弁護士 中森俊久の部屋

2011年08月

原発と原爆 

2011/08/25 10:07:34

原発事故が一向に収束しない状況に、多くの人が辟易している状況だと思う。政府は、2011年4月22日、福島原発から20㎞の警戒区域の外側で、放射性物質の累積量が高い地域を計画的避難区域に指定し、それまでの同心円状の線引きを見直した。

 また、放射線影響研究所などで構成される「放射線影響研究機関協議会」の関係者は、5月11日、原発の周辺住民15万人を30年以上かけて調査する方針を明らかにしている。

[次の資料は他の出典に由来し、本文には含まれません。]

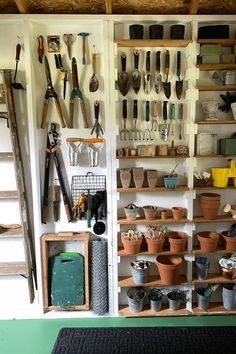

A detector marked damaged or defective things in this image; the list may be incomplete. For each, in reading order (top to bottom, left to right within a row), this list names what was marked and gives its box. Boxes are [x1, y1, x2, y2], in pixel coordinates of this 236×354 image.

rusty tool [40, 56, 65, 130]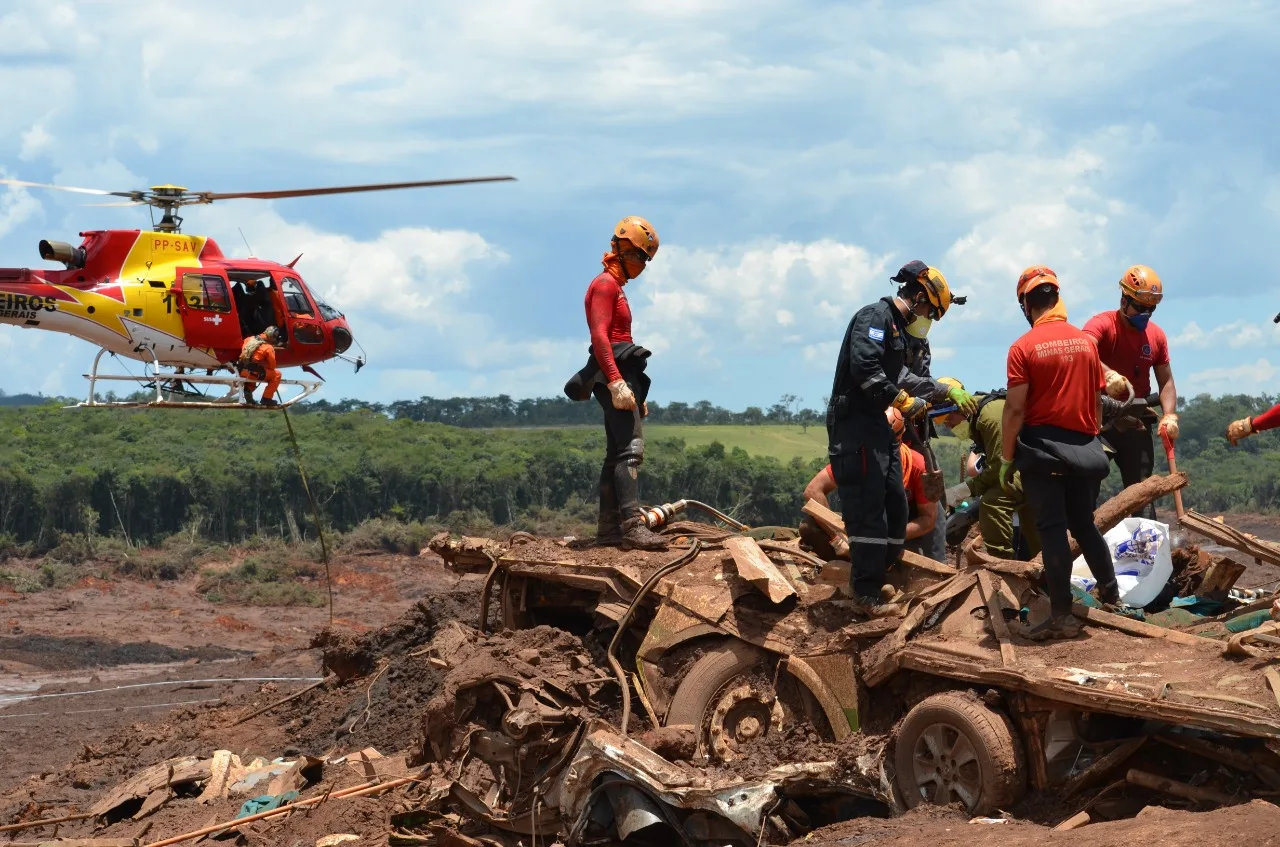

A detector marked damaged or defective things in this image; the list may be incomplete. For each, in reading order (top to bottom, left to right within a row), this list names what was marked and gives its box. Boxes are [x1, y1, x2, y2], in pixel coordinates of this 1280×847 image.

destroyed car wheel [664, 644, 824, 760]
crushed vehicle [424, 474, 1280, 844]
destroyed car wheel [896, 692, 1024, 820]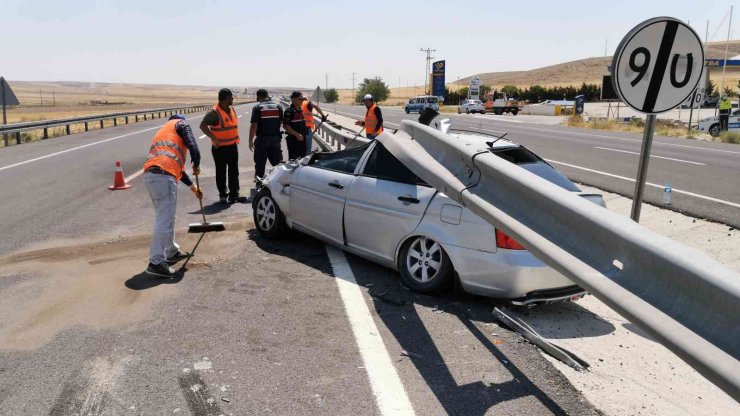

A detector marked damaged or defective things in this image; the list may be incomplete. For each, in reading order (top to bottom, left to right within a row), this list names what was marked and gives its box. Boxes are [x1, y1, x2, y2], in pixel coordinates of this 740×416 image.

bent guardrail rail [0, 101, 254, 146]
bent guardrail rail [382, 119, 740, 400]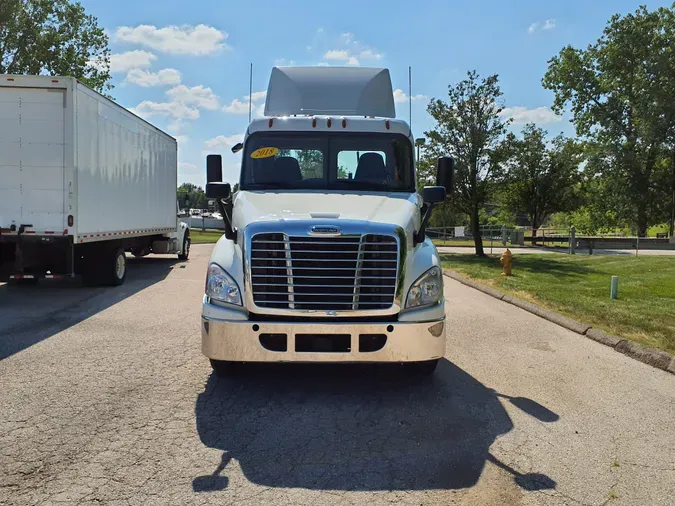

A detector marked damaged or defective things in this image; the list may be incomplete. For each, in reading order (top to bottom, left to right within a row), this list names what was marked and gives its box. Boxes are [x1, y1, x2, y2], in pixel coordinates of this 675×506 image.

cracked pavement [1, 243, 675, 504]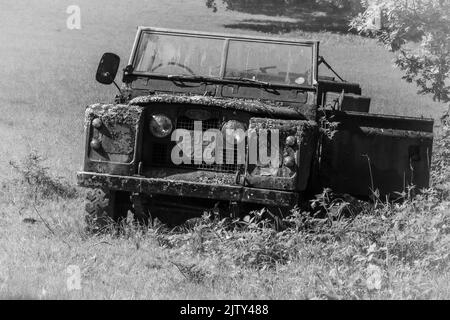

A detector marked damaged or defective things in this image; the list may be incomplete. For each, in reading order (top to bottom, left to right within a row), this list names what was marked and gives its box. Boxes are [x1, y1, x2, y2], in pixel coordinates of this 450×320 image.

abandoned land rover [76, 26, 432, 229]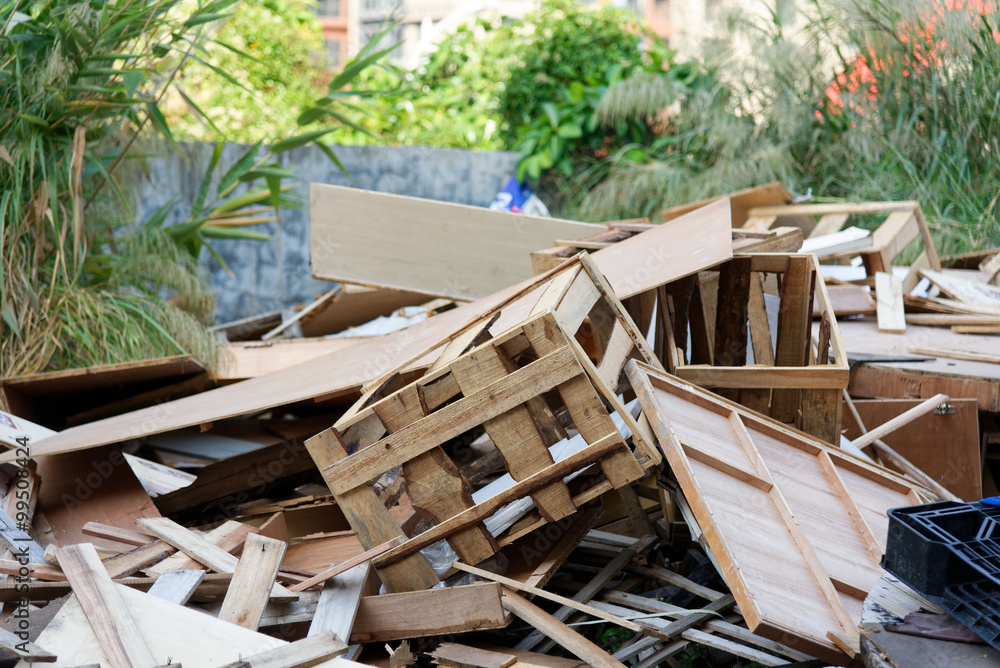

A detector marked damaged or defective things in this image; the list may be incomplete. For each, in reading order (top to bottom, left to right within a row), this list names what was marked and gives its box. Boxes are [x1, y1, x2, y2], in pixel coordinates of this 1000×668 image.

broken wooden crate [306, 306, 656, 588]
broken wooden crate [660, 250, 848, 444]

 このように、今でこそ放射性降下物や内部被曝等の影響が注目されているが、私が弁護団に所属する原爆症認定集団訴訟では、国は従来、「計算方式上、爆心地から2㎞以遠にはほとん放射線が到達しなかった」と繰り返し主張し、内部被曝等の影響も殆ど無視できると居直ってきた。20㎞と2㎞…この単純な比較を見る限りにおいても、原爆放射線の影響が如何に過少評価され、それにより多くの被爆者の苦しみが蔑ろにされてきたことが窺える。

 未曾有の震災の被害が一刻も早く回復されることを願うとともに、高齢となった被爆者の声に改めて真摯に耳を傾ける必要性を感じる次第である。